This week's most uncomfortable moment brought to me by Safari's Interactive Animal Sanctuary:
I took the mentee to Safari's, a place that rescues exotic animals from idiots. No, it's not ok to raise a bear in your backyard. One of the tigers they had rescued had first been given to a girl for her 4th birthday. Whatever happened to little girls wanting ponies? The last time I had been to this place was back in high school for some science class, I think. (Help me out here Maggie and Amanda). For the first half of the tour, we were with a group of about 6 other people. The second half it was just the two tour guides, the mentee, and me because the other six had been to that part before joined the tour group. We walk in front of one set of lions and one of the tour guides (who looked to be 17 or so) said, "We have to watch out for this one because he can shoot his load up to twenty feet."

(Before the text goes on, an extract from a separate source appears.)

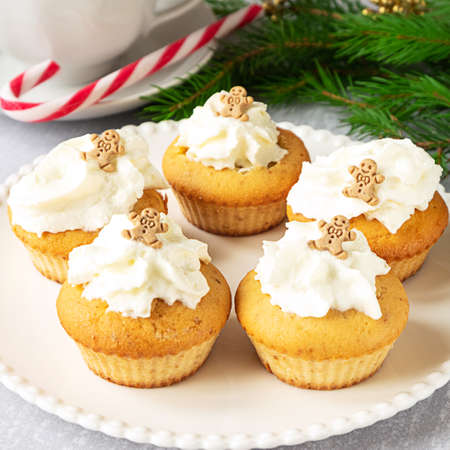 Homemade cupcakes with Christmas decorationsの写真素材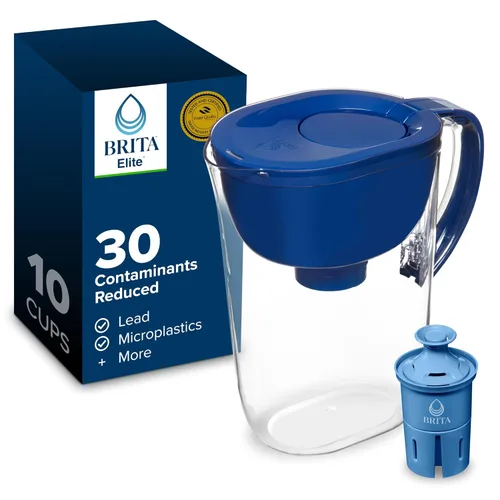 Miniatura 12 de Jarra de filtro de agua Brita, filtro Everyday Elite, elimina el 99% del plomo, incluye 1 filtro, capacidad de 10 tazas, color blanco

As I was thinkng, "Did she just say...", the mentee, "Miss Rachel, what's shoot load mean?"
I say nothing immediately because I am in compelte and utter shock. Half a second later, the same tour guide said, "his cum."
OH.MY!!! I CAN'T BELIEVE SHE JUST SAID CUM IN FRONT OF A 12 YEAR OLD!!!!!!
At this point, the mentee still looks confused and I know she wasn't going to let this one slide by, so I put on my best serious voice and said the first thing that came to mind.
"It's umm... like... umm... his man juice."
This seemed to suffice.
I finally got to see my friend A. who's 6 months preggers now. She looks really cute. She also told me that I looked very slender. Ahh...how sweet. But it was just because I was wearing a form-fitting tank.
I saw Avi at the library last night, had a book signed, and took a stupid picture:
He wouldn't look up for anyone. I guess I can understand that. If you have 200 flashes go off in your eyes, I bet it would be hard to sign books. But if I had known that he wasn't going to look up, I wouldn't have bent down like that. Bah!